* _Supplied information_

------

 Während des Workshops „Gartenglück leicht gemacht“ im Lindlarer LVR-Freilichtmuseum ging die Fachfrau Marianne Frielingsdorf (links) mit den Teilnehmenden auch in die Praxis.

------

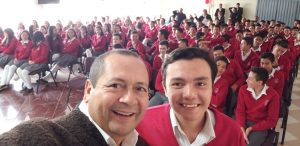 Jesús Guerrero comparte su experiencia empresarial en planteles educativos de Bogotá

------

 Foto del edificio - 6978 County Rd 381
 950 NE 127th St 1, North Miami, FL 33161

------

* _Work to complete_
Using the entries above, output exactly the lines between the line holding "Foto del edificio - 6978 County Rd 381" and the line holding "950 NE 127th St 1, North Miami, FL 33161", end lines included, and nothing more.

* _Reply_
 Foto del edificio - 6978 County Rd 381
 950 NE 127th St 1, North Miami, FL 33161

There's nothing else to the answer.